Non passano l’esame Francesco Gabbani (“senza infamia e senza lode”), Elodie (“testo pessimo, come se parlasse a telefono. Prosa di una banalità sconcertante”) e poi c’è Fedez: “Diamo 6 a un testo deprimente che parla di depressione, si salva qualche giochetto di parole sui nomi dei farmaci, poi rime discutibili come carne viva. Cita Mary Poppins col cianuro al posto della pillola che va giù. Mi cadono le braccia”.
“Il fatto che i testi di Sanremo contengano un numero ridotto di lessemi, che ricorrono molte volte, non è di per sé indice di un basso livello qualitativo sul piano linguistico anche se, certo, viene voglia di mettere in rapporto questo dato con la povertà lessicale delle ultime generazioni, che viene spesso lamentata e che certamente un fondamento”. Lo afferma il linguista Paolo D’Achille all’Adnkronos.

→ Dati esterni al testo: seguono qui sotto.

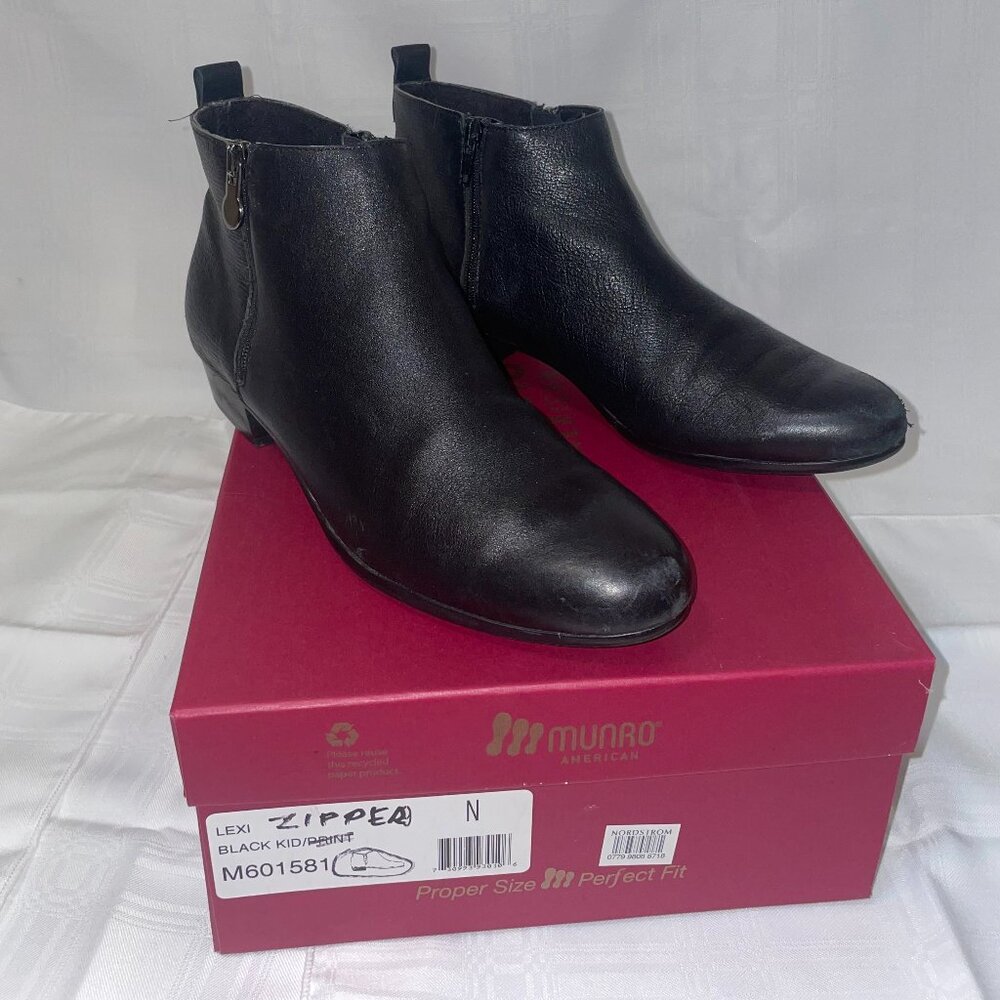 Munro American  Women's Zippered Ankle Boot, Black, Size 9N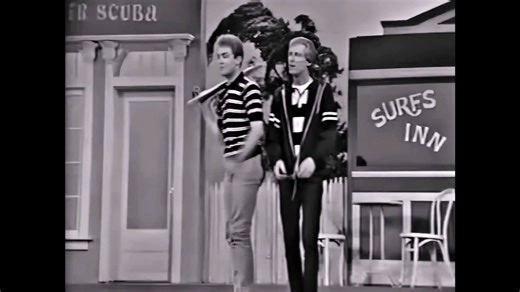 Jan & Dean – Surf City...🎧 Watch full this song: https://oldiessweetmemory.dohimusic96.com/jan-dean-surf-city/?utm_source=facebook&utm_medium=ngreel&utm_campaign=oldiessweetmemory50s60s70s | Oldies Sweet Memory 50s 60s 70s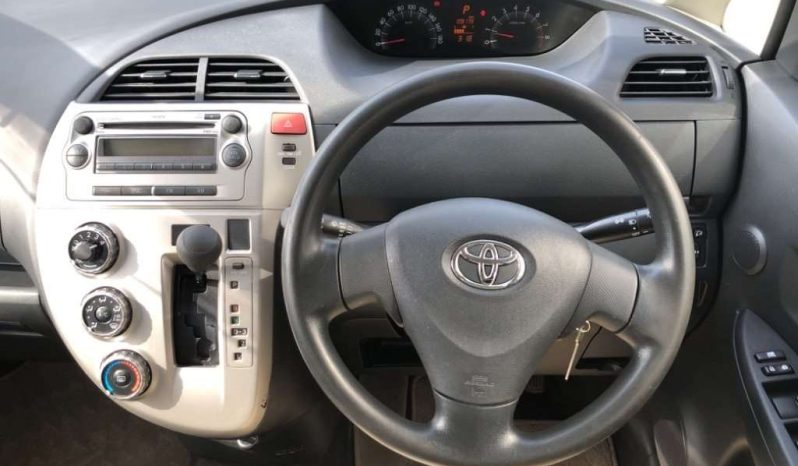 TOYOTA RACTIS full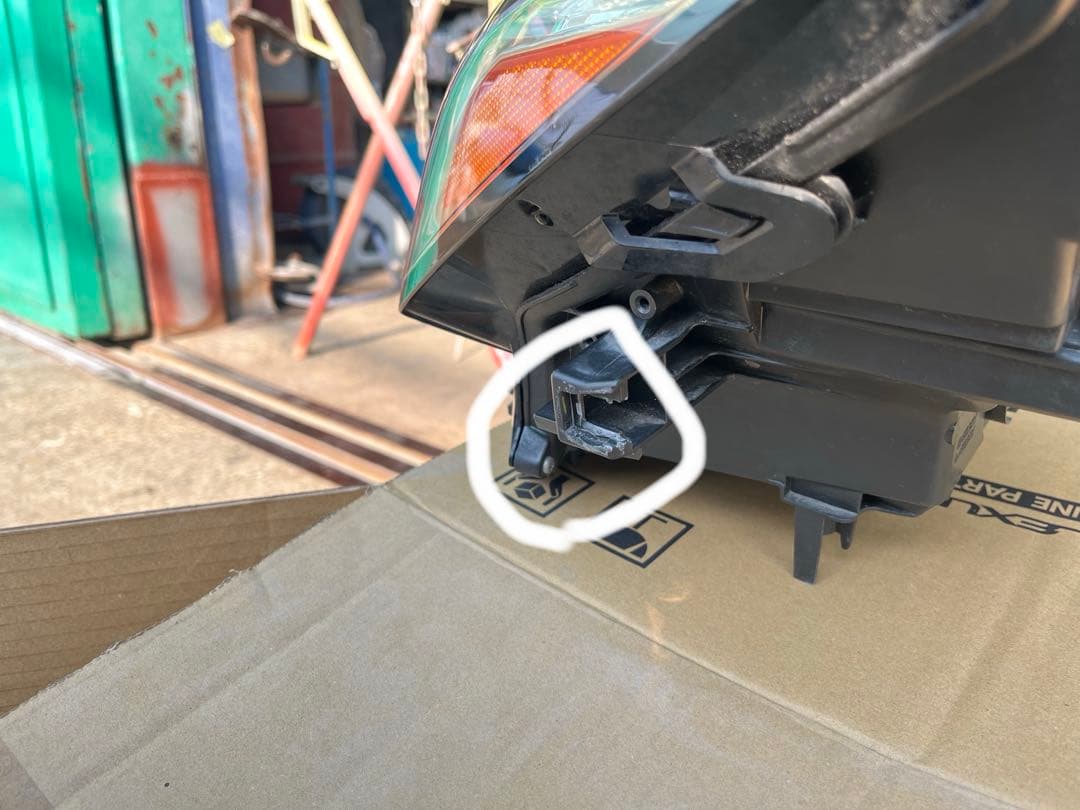 レクサスRC300hの左ヘッドランプ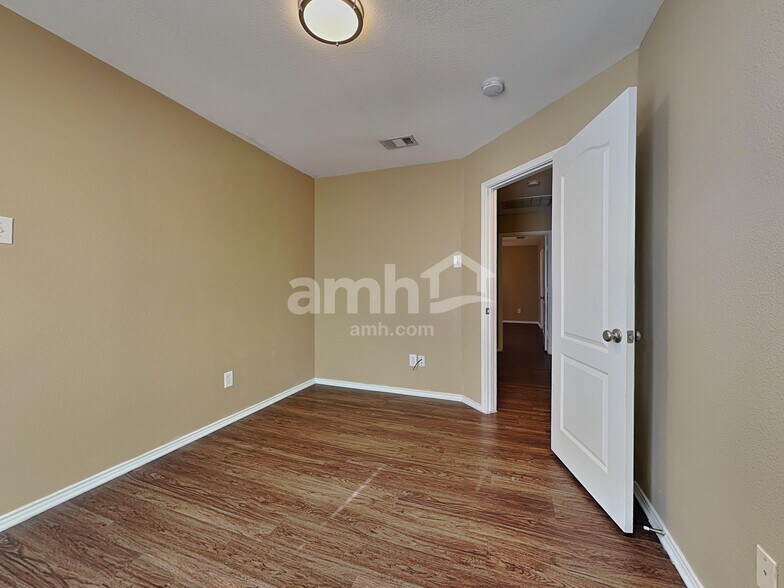 Building Photo - 1313 Gray Dawn Dr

“Né sorprende la classifica delle parole più spesso ricorrenti: che ‘amore’ – ha continuato – sia anche quest’anno la più frequente non stupisce, come non stupiscono le alte posizioni di ‘occhi’ e, più distanziate, di ‘vita’ e di ‘cuore’; e neppure la prevalenza di ‘mamma’ più ‘madre’ su padre (papà manca del tutto). Molto probabilmente la stessa cosa è avvenuta già in molte edizioni precedenti, se non proprio in tutte – spiega il presidente dell’Accademia della Crusca – Appena più significativo è il primato, tra i verbi, di ‘chiamare’, che ormai da decenni si usa invece di ‘telefonare’ (oggi dallo smartphone, certo)”.
Nelle coppie avverbiali e pronominali che vengono confrontate, il fatto che “mai” prevalga su “sempre”, “niente” su “tutto”, “male” su “bene”, “solo” su “insieme”, sostiene il professor D’Achille, “sembra effettivamente indicare un orientamento dei cantautori (o dei parolieri) verso atteggiamenti pessimisti più che ottimisti, ma bisognerebbe vedere i contesti d’uso, le distribuzioni delle parole tra le diverse canzoni (che opportunamente viene rilevata nel caso di ‘cuoricini’, le cui occorrenze si concentrano nel testo della canzone dei Coma Cose). Forse, più che il dato quantitativo, sarebbe importante il dato qualitativo, che consideri cioè le parole che, anche se documentate da un unico esempio o da due, costituiscono delle presenze inattese in canzoni festivaliere”.